As it turns out, this problem for Bi-OT seems larger than it really is. Intuitively, an answer like (2) expresses incomplete information, and to take this into account in Bi-OT (or in any other analysis of Quantity implicatures) we should allow for alternative interpretations in the table that have partial information. It can be shown that if we take the alternative interpretations to be such partial information states, what Bi-OT ends up with is the pragmatic interpretation function called ‘Grice’ in various (joint) papers of Schulz and Van Rooij (e.g. Schulz & Van Rooij, 2006). In these papers it is claimed that Grice implements the Gricean maxim of Quality and the first maxim of Quantity, and it is shown that in terms of it (together with an additional assumption of competence) we can account for many conversational implicatures, including the ones of (1) and (2).

1.2 A Bi-OT analysis of Horn's division

Bi-OT can also account for Horn's division of pragmatic labor — according to which an (un)marked expression (morphologically complex and less lexicalized) typically gets an (un)marked interpretation — which Horn (1984) claimed to follow from the interaction between both Gricean submaxims of Quantity, and the maxims of Relation and Manner. To illustrate, consider the following well-known example:

  1. John killed the sheriff.
  2. John caused the sheriff to die.

We typically interpret the unmarked (3) as meaning stereotypical killing (on purpose), while the marked (4) suggests that John killed the sheriff in a more indirect way, and unintentionally. Blutner (1998, 2000) shows that this can be accounted for in his Bidirectional OT. Take ist to be the more plausible interpretation where John killed the sheriff in the stereotypical way, while i¬st is the interpretation where John caused the sheriff's death in an unusual way. Because (3) is less complex than (4), and ist is the more stereotypical interpretation compatible with the semantic meaning of (3), it is predicted that (3) is interpreted as ist. Thus, in terms of his notion of strong optimality, meaning that ⟨f,i⟩ is optimal both for the speaker and the hearer, Blutner can account for the intuition that sentences typically get the most plausible, or stereotypical, interpretation. In terms of this notion of optimality, however, Blutner is not able yet to explain how the more complex form (4) can have an interpretation at all, in particular, why it will be interpreted as non-stereotypical killing. The reason is that on the assumption that (4) has the same semantic meaning as (3), the stereotypical interpretation would be hearer-optimal not only for (3), but also for (4). This interpretation of (4) is blocked, however, by the cheaper alternative expression (3). To account for the intuition that (4) is interpreted in a non-stereotypical way, Blutner (2000) introduces a weaker notion of optimality. In our setup we can say that a form-interpretation pair ⟨f,i⟩ is weakly optimal[3] iff there is neither a strongly optimal ⟨f,i′⟩ such that ⟨f,i′⟩ > ⟨f,i⟩ nor a strongly optimal ⟨f ′,i⟩ such that ⟨f ′,i⟩ > ⟨f,i⟩. All form-interpretation pairs that are strongly optimal are also weakly optimal. However, a pair that is not strongly optimal like ⟨(4),ist⟩ can still be weakly optimal: because neither ⟨(4),ist⟩ nor ⟨(3),i¬st⟩ is strongly optimal, there is no objection for ⟨(4),i¬st⟩ to be a (weakly) optimal pair. As a result, the marked (4) will get the non-stereotypical interpretation.

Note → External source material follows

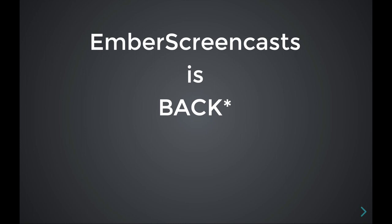Hey everyone! After about a two year absence, we are back! I'm doing some Ember screencasts again.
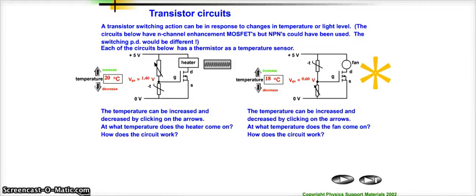In this video, we're going to look at transistors used in circuits. We call these simple transistor switching circuits, although they're not necessarily that simple.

2. Implicatures and Game Theory

2.1 Signaling games

David Lewis (1969) introduced signaling games to explain how messages can be used to communicate something, although these messages do not have a pre-existing meaning. In pragmatics we want to do something similar: explain what is actually communicated by an expression which actual interpretation is underspecified by its conventional semantic meaning. It is therefore a natural idea to base pragmatics on Lewisian signaling games.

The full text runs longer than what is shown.